The Pembroke Welsh Corgi: All the Things You Need to Know

The adorable Pembroke Welsh Corgi, or just Corgi, may not seem like a very fast dog, considering how long he is. But he is actually part of the herding dog family, and he's a fast little one at that!

You have to be fast to be a herding dog. How else are you going to round up all of those sheep or cattle – especially when you have the small legs of a Corgi?

(Fun fact: The words “cor” and “gi” are believed to mean “dwarf dog” in Welsh.)

There are two Corgi breeds: the Pembroke and the Cardigan. The Pembroke is the younger of the two, and, interestingly, he is also more popular than the Cardigan.

It's easy to remember which Corgi is the Pembroke because the Pembroke is the one who doesn't have a tail.

The Temperament of the Pembroke Welsh Corgi

One thing you have to know right up front about the Pembroke Welsh Corgi, in particular, is that he's a barker. He will bark at anything and everything that crosses his path. If this is going to annoy you, then this is not the dog for you.

You may be able to train him to only use his bark when necessary, but you should be aware of this tendency in case you aren't able to catch it early enough to nip it in the bud.

His barking stems from his history as a farm dog. He would bark as a kind of alarm to alert his masters if strangers were nearby, assumedly to help protect the livestock.

Another thing you may not like about the Corgi temperament is that his herding instinct may inspire him to nip at children's heels to “herd” them.

Of course, this doesn't hurt at all, but it may scare the children and/or become annoying. You should train him out of this so as to help him understand that this sort of behavior is not acceptable.

Corgis tend to be better with children if they see the children as being higher than them in the pack order.

While the Pembroke is a herder at heart, he does prefer to spend time with his family.

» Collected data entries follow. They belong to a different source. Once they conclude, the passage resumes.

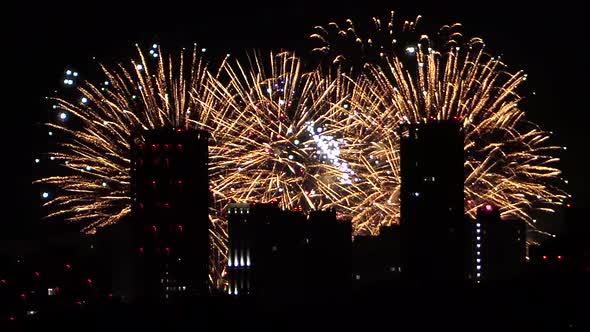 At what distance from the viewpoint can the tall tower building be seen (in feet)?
302

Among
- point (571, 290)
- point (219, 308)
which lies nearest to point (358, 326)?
point (219, 308)

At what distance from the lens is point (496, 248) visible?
3996 inches

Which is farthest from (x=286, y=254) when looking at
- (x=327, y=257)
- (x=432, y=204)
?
(x=432, y=204)

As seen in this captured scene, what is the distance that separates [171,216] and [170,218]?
0.65 ft

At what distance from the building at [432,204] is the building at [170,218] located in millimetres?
13097

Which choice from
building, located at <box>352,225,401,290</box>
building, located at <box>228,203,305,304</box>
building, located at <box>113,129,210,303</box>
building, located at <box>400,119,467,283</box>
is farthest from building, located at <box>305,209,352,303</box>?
building, located at <box>113,129,210,303</box>

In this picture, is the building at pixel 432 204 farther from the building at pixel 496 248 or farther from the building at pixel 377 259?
the building at pixel 496 248

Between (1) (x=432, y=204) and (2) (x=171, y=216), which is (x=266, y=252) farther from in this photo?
(1) (x=432, y=204)

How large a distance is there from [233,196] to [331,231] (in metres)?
10.7

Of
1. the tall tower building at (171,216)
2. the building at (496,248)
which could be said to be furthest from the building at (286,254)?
the building at (496,248)

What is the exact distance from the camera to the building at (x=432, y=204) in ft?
311

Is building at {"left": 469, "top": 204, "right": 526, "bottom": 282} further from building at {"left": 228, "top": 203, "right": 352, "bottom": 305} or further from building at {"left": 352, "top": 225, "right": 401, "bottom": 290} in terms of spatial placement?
building at {"left": 228, "top": 203, "right": 352, "bottom": 305}

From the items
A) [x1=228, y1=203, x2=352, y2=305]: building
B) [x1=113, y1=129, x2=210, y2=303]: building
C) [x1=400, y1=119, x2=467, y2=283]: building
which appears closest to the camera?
[x1=113, y1=129, x2=210, y2=303]: building

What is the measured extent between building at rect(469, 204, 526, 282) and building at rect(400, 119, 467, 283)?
1.09 m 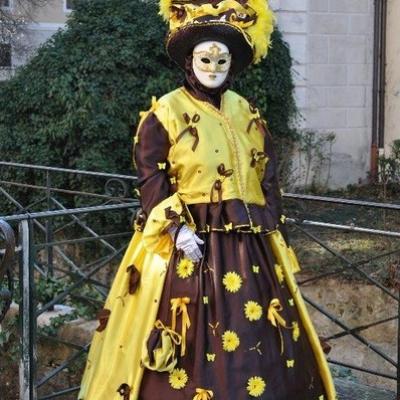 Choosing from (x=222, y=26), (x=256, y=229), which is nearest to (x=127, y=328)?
(x=256, y=229)

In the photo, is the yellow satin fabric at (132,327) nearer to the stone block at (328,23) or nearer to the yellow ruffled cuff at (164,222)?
the yellow ruffled cuff at (164,222)

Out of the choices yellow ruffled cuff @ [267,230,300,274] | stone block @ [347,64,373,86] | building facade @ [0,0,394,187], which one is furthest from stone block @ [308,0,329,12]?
yellow ruffled cuff @ [267,230,300,274]

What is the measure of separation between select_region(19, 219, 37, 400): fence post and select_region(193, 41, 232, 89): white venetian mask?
2.72ft

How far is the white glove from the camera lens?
2.72 meters

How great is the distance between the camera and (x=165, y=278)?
9.21 ft

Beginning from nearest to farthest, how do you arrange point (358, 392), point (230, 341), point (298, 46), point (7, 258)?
point (7, 258), point (230, 341), point (358, 392), point (298, 46)

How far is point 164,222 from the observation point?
275 centimetres

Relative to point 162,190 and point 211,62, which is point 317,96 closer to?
point 211,62

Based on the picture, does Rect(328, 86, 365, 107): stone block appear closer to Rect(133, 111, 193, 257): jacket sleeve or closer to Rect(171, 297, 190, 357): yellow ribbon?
Rect(133, 111, 193, 257): jacket sleeve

In other words, just because he loves to herd doesn't mean he should be kept outside. There's a time for play, and there's a time to come in and be with your loved ones.

He will do well in any living situation, so long as he gets his daily exercise.

As with all dogs, the sooner you socialize your Corgi, the better he will do with other people and animals.

Grooming a Pembroke Welsh Corgi

Corgis are no different from other dogs in that their nails need to be routinely clipped, and their ears and eyes cleaned to prevent buildup.

The Pembroke is known to shed, with his busiest shedding period being late spring into early summer.

Brushing him once a day should be enough to keep your carpets looking clean.

During shedding season, it may be easier to give him a bath first to loosen all of the excess hair. Just make sure he's completely dry before trying to brush him.

Exercising and Training Your Pembroke Welsh Corgi

The Welsh Corgi is chock-full of energy. He loves to be kept busy, especially when he's given a particular task, like in dog sports.

He should be exercised daily. Just be mindful of the exercises you choose.

While he may be fast, his short little legs are not fast enough to run alongside your bike, and they don't have the stamina for longer walks

The Corgi is similar to that of other small dogs in that he is both smart and stubborn. He can learn quickly, but only if he feels like listening.

This can have a negative impact on housebreaking him as well as other dog training you wish to conduct.

As with all dogs, it is important that you remain firm and consistent when training your Corgi.

The Health of the Pembroke Welsh Corgi

A healthy Pembroke Corgi has a life expectancy of 12 to 13 years, which is slightly higher than some of his small-dog counterparts.

Healthy Corgis weigh a maximum of 30 lbs.

Pembroke Corgis are typically healthy dogs. However, some health concerns to watch out for are the same that plague other small dogs, including:

  • Elbow dysplasia
  • Hip dysplasia
  • Bleeding disorders, like von Willebrand's disease
  • Eye problems
  • Heart problems
  • Degenerative myelopathy (spinal disorder)

It is especially important that you monitor your Corgi's diet. This is because Corgis are infamous for stuffing their faces, so obesity can quickly become an issue.

This is also true with training. Don't overdo it on the treats. Be sparser with the treats and ampler with praise.

A Final Word about the Pembroke Welsh Corgi

Of the two Corgi breeds, the Pembroke Welsh Corgi is the younger and more popular breed. He's also the one without a tail.

While he loves to herd, and often does not limit his herding to just animals, the Corgi will enjoy being the family pet. However, he is prone to bark.

This can make for a fantastic guard dog, but it can also grind on your nerves if a dog's barking can grate on you.

Corgis love to eat, so it's up to you to make sure they don't overdo it. Feed him high-quality food, and keep a tight lid on those snacks.

He is also no stranger to shedding, so be sure to brush him regularly.